This fall at Juilliard
I've been forgetting to mention my course at Juilliard this fall, about music criticism.
The link takes you to the week by week assignments, which include classical music criticism by George Bernard Shaw and Virgil Thomson, as well as some rock and jazz criticism, and some unusual writing about music, by Nick Hornby, Tom Johnson, Jack Kerouac, and E.M Forster. (That last link takes you to my blog post about how wonderfully Forster wrote about music.)
Each week, one of the students brings a New York Times music review to class each week, and takes the lead in dissecting it. Interesting experience for me, to say the least, during the seven years when my wife wrote for the Times, and the chosen review might have been one of hers. A good test of my objectivity. But then they read me, too, and I encourage them to be critical.
The reason for reading me, by the way, is simple, and has nothing to do with whether I'm any model for what critics should (or shouldn't) do. It's that if I'm going to hold forth about criticism, they have a right to see what kind of critic I myself have been. Maybe they'll decide I have no standing to be sounding off, which would be completely their right to think.
But the main purpose of the course, as it's evolved over the years, isn't to teach about criticism, interesting though that can be. (Especially since the students themselves will be reviewed, as their careers progress, and often have been reviewed already.) You can read the course overview, where I say the real point of the course is to learn how to talk about music.
This is no trivial thing. Music professionals have to talk about music all the time. Think of the staff and board of an orchestra, trying to decide who should be the next music director, and comparing how the candidates conduct. Or -- as one of the students pointed out this fall -- musicians playing chamber music, and needing to critique each other, and also say how each thinks the music should go.

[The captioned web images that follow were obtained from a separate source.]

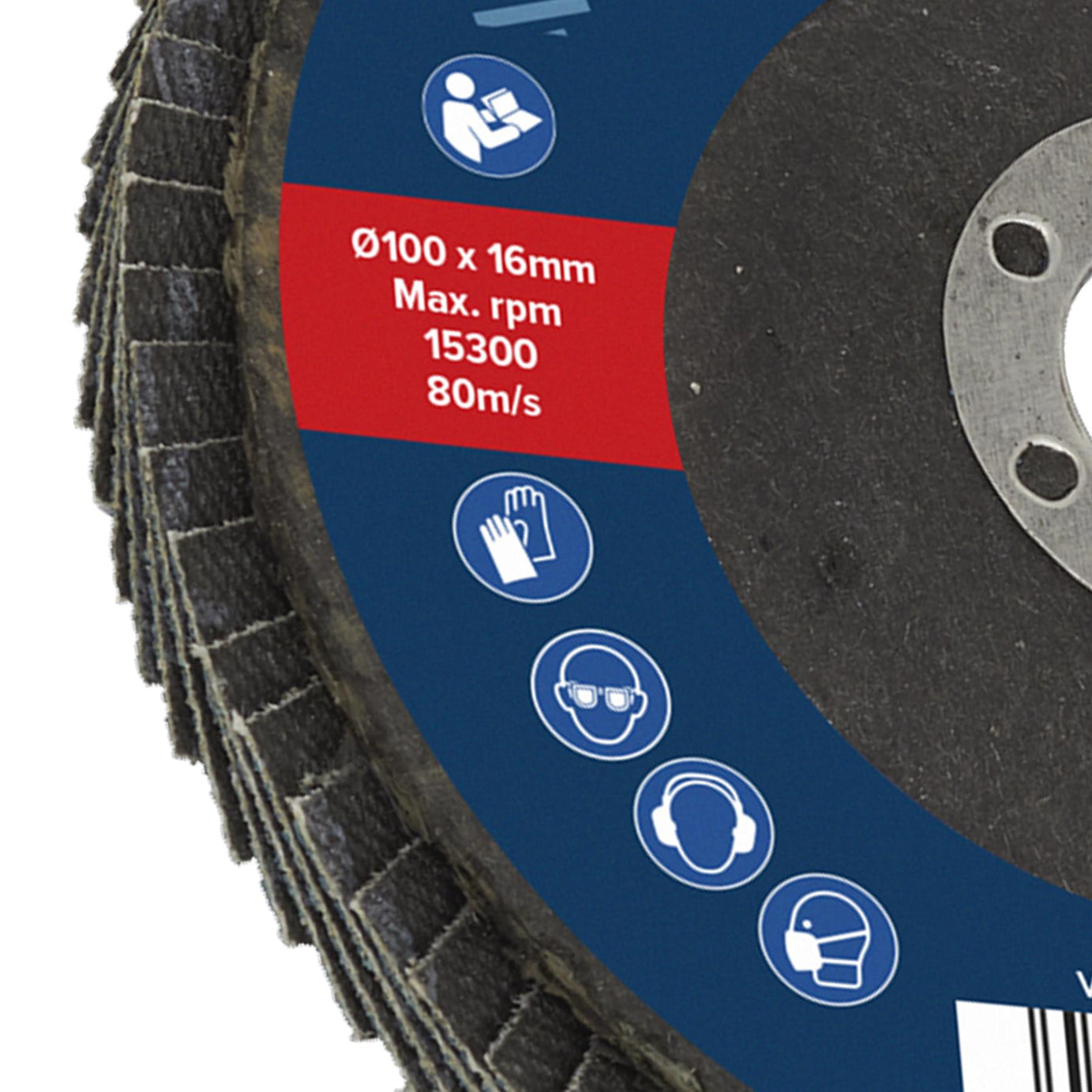 Sealey Flap Disc Zirconium 100mm 16mm Bore 80Grit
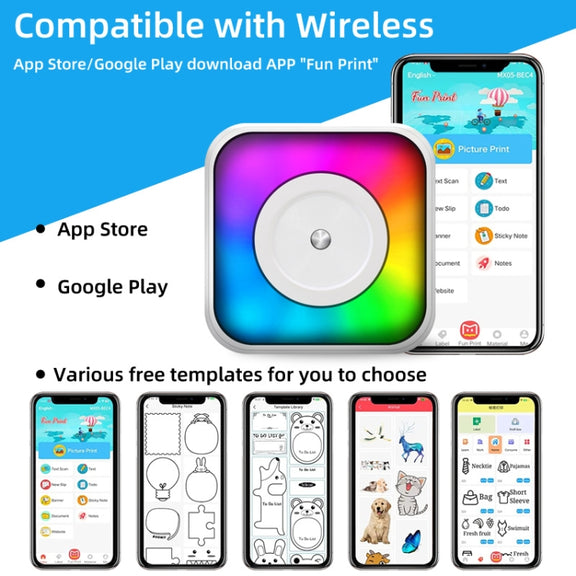 RGB Light Portable Mini Bluetooth Printer Inkless Document Label Printer with 1-Roll Paper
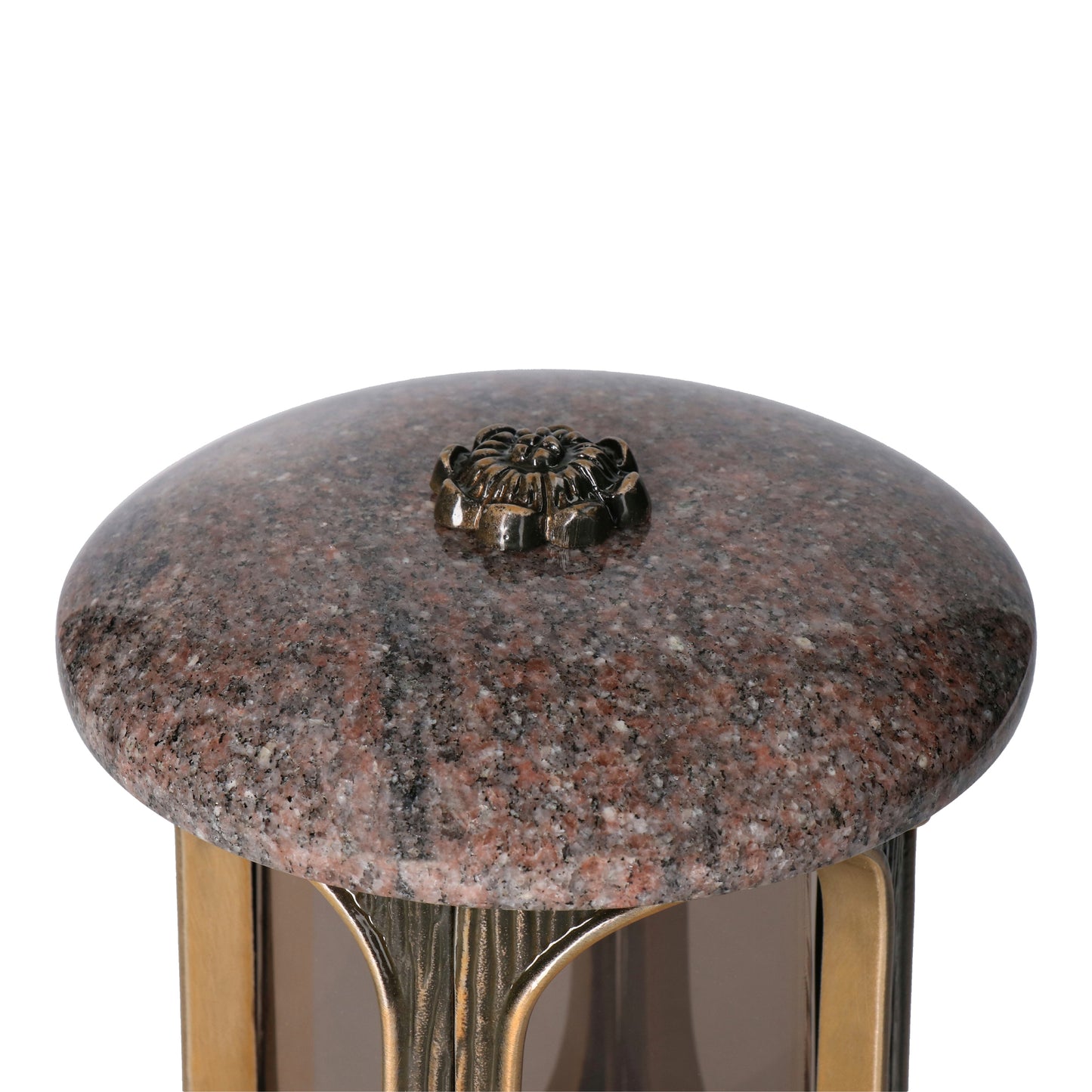 Grablaterne Granit Himalaya Höhe 23 cm/Ø 15 cm Bronze mit Rosette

Of course any musician already has some skill at doing this. But it's impressive to see how reticent people can be, even professionals, and how they often feel they don't have the words to describe something about a piece or a performance, especially if it involves emotional subtleties, or is in an idiom they're not familiar with.
The job then is simply to describe what you hear, preferably in very simple language. And this is the first lesson I teach in the course. I bring in music each week, play it, and ask the students to describe it. Not in any fancy, published-writing kind of way, but informally, the way they might describe it to a friend. "You've just heard this piece at a concert, and your roommate asks you what it was like. What do you tell them?"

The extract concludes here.